ACTION ITEM: Return the entries exactly as they appear.

Start of RECORDS SHOWN

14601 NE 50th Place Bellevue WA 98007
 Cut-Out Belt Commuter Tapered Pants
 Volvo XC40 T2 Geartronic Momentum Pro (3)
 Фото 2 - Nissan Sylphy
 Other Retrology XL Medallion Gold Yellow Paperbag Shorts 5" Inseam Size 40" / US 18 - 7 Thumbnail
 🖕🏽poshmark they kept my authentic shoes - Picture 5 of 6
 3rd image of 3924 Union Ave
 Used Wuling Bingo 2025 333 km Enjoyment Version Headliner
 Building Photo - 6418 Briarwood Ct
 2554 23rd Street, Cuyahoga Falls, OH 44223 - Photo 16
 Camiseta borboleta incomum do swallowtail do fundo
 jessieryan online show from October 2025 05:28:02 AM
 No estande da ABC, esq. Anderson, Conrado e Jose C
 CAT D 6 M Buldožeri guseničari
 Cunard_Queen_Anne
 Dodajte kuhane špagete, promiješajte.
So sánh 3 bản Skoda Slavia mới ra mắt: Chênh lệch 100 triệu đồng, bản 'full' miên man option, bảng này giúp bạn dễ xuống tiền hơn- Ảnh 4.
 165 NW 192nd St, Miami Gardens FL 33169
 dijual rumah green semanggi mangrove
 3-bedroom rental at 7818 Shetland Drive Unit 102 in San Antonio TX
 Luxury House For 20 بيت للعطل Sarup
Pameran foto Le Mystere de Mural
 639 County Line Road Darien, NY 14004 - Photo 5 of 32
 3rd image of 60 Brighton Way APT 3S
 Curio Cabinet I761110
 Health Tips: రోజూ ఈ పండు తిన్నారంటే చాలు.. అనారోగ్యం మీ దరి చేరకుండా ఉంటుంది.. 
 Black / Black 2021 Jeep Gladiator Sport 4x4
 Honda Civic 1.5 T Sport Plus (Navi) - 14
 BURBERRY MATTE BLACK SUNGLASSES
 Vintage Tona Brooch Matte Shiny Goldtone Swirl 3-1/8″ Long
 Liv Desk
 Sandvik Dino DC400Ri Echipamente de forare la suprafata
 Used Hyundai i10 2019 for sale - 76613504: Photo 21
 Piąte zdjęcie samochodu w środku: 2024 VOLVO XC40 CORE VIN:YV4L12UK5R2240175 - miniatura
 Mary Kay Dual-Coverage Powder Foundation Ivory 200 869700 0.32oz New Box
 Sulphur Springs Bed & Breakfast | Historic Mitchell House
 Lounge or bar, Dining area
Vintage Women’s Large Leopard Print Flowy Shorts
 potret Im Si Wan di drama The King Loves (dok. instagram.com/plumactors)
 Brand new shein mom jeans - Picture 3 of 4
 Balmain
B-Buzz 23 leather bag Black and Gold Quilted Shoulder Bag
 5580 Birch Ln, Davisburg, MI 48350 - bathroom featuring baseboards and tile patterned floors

End of RECORDS SHOWN

RESULT OF THE TASK:
14601 NE 50th Place Bellevue WA 98007
 Cut-Out Belt Commuter Tapered Pants
 Volvo XC40 T2 Geartronic Momentum Pro (3)
 Фото 2 - Nissan Sylphy
 Other Retrology XL Medallion Gold Yellow Paperbag Shorts 5" Inseam Size 40" / US 18 - 7 Thumbnail
 🖕🏽poshmark they kept my authentic shoes - Picture 5 of 6
 3rd image of 3924 Union Ave
 Used Wuling Bingo 2025 333 km Enjoyment Version Headliner
 Building Photo - 6418 Briarwood Ct
 2554 23rd Street, Cuyahoga Falls, OH 44223 - Photo 16
 Camiseta borboleta incomum do swallowtail do fundo
 jessieryan online show from October 2025 05:28:02 AM
 No estande da ABC, esq. Anderson, Conrado e Jose C
 CAT D 6 M Buldožeri guseničari
 Cunard_Queen_Anne
 Dodajte kuhane špagete, promiješajte.
So sánh 3 bản Skoda Slavia mới ra mắt: Chênh lệch 100 triệu đồng, bản 'full' miên man option, bảng này giúp bạn dễ xuống tiền hơn- Ảnh 4.
 165 NW 192nd St, Miami Gardens FL 33169
 dijual rumah green semanggi mangrove
 3-bedroom rental at 7818 Shetland Drive Unit 102 in San Antonio TX
 Luxury House For 20 بيت للعطل Sarup
Pameran foto Le Mystere de Mural
 639 County Line Road Darien, NY 14004 - Photo 5 of 32
 3rd image of 60 Brighton Way APT 3S
 Curio Cabinet I761110
 Health Tips: రోజూ ఈ పండు తిన్నారంటే చాలు.. అనారోగ్యం మీ దరి చేరకుండా ఉంటుంది.. 
 Black / Black 2021 Jeep Gladiator Sport 4x4
 Honda Civic 1.5 T Sport Plus (Navi) - 14
 BURBERRY MATTE BLACK SUNGLASSES
 Vintage Tona Brooch Matte Shiny Goldtone Swirl 3-1/8″ Long
 Liv Desk
 Sandvik Dino DC400Ri Echipamente de forare la suprafata
 Used Hyundai i10 2019 for sale - 76613504: Photo 21
 Piąte zdjęcie samochodu w środku: 2024 VOLVO XC40 CORE VIN:YV4L12UK5R2240175 - miniatura
 Mary Kay Dual-Coverage Powder Foundation Ivory 200 869700 0.32oz New Box
 Sulphur Springs Bed & Breakfast | Historic Mitchell House
 Lounge or bar, Dining area
Vintage Women’s Large Leopard Print Flowy Shorts
 potret Im Si Wan di drama The King Loves (dok. instagram.com/plumactors)
 Brand new shein mom jeans - Picture 3 of 4
 Balmain
B-Buzz 23 leather bag Black and Gold Quilted Shoulder Bag
 5580 Birch Ln, Davisburg, MI 48350 - bathroom featuring baseboards and tile patterned floors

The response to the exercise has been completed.